The Philippine Basketball Association (PBA) will sit down with the Samahang Basketbol ng Pilipinas (SBP) this week most likely to clarify the parameters of SBP’s plans to revive the long-shelved Gilas cadets program.

“Mag-uusap kami ng SBP pag balik namin diyan,” PBA commissioner Chito Narvasa emailed in response to a question yesterday.

Narvasa, on his first season as the league’s ninth commissioner, is in Tokyo with members of the PBA board of governors, led by chairman Robert Non of San Miguel Beer, on a scheduled out-of-town trip and is expected to return Saturday night.

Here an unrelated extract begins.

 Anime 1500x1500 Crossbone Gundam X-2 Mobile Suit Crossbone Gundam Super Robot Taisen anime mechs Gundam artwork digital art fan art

The meeting could take place as early as Monday or Tuesday before SBP’s weekly ManCom meeting at its Philsports headquarters in Pasig.

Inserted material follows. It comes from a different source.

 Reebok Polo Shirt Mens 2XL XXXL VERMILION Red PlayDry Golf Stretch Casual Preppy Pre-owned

Most likely to represent SBP are executive director Sonny Barrios and deputy executive directors Bernie Atienza (national affairs) and Butch Antonio (international affairs). SBP vice president Al Panlilio could also be present.

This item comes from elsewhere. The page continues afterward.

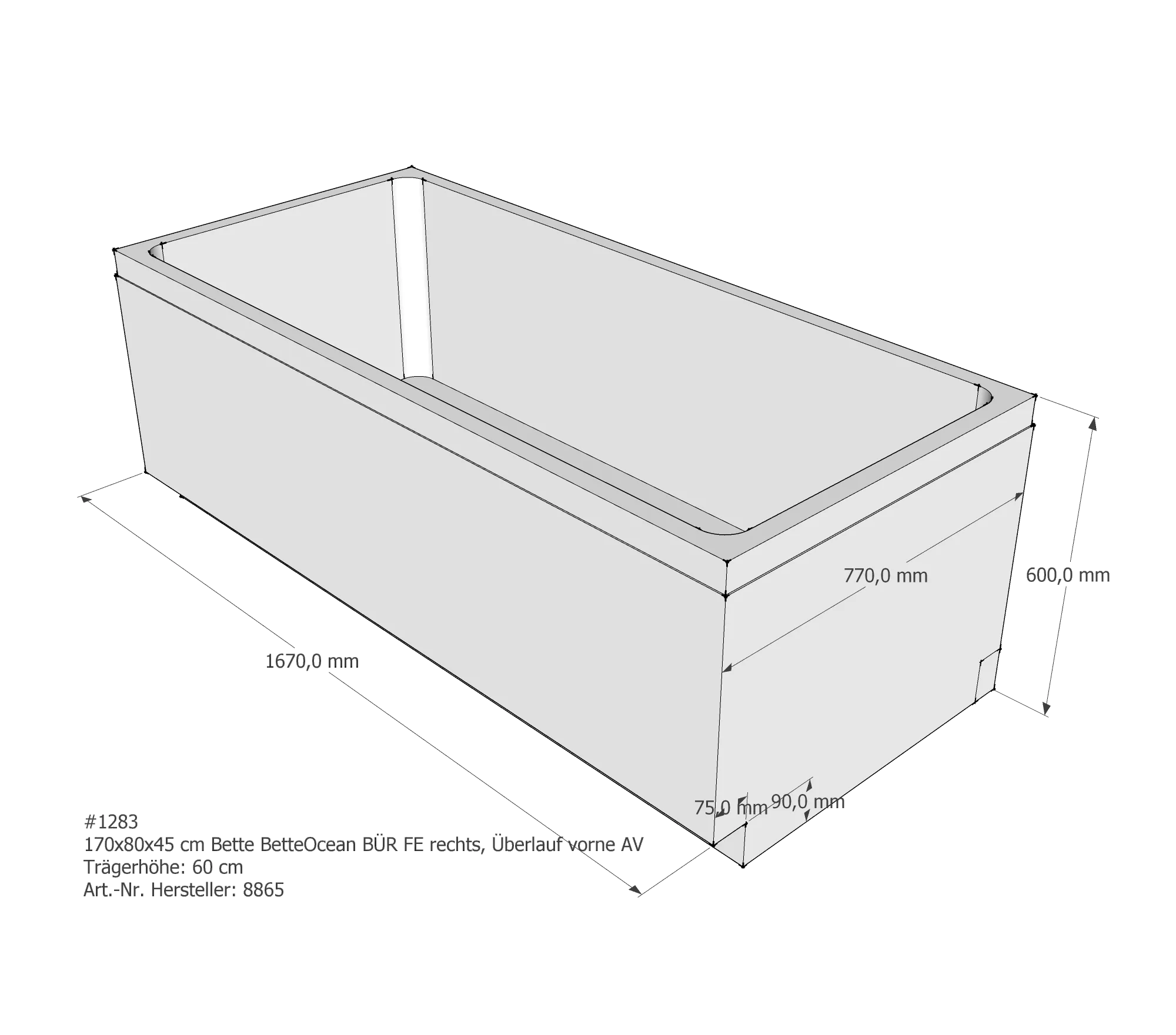Badewannenträger für Bette Ocean 170 × 80 × 45 cm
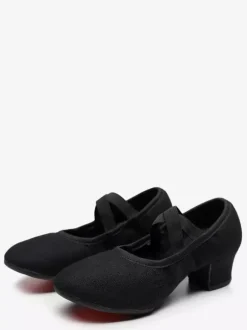 Ballet Dance Shoes Woman's Black Closed Toe Dance Shoes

Based on concerns expressed by a number of PBA governors on the likelihood of a shallow Rookie Draft in October should top amateurs like Kiefer Ravena, Mac Belo and Kevin Ferrer agree to hold off on turning pro to become part of the Gilas cadets pool, the talks could center on how long the deferment would be and what role the PBA would play in the future in the modified FIBA setup.

With the International Basketball Federation (FIBA) revising its calendar starting next year by setting up six different “windows” or qualifiers from which to choose countries for the World Cup and the Olympics, the SBP will most certainly encounter problems in putting up a competitive team made up of pros since the FIBA’s home-and-away schedule would run in conflict with the PBA calendar.

The Gilas cadets program, launched by former national coach Rajko Toroman five years ago, is the preset answer to the dilemma, with SBP, under its president Manny V. Pangilinan, putting together, funding and training a pool of young talent, patterned loosely after the Northern Consolidated program in the ‘80s, for immediate activation to international competition.

“We have at least 14 names for the Gilas cadets,” Pangilinan told InterAksyon.com recently. “We’ve spoken to all of them. All of them have consented. So we’re finalizing the documentation for them.”

Gilas Pilipinas is seeking to return to the global stage via the 2019 FIBA World Cup in China after getting a taste of world class competition in Seville, Spain two years ago.

If implemented as envisioned, the Gilas Pilipinas Cadets will roll off the assembly plant in next year’s FIBA Asia Championship, the last such tournament to be held before it is merged with FIBA Oceania to include Australia and New Zealand starting in 2021 as part of FIBA’s reformatted calendar.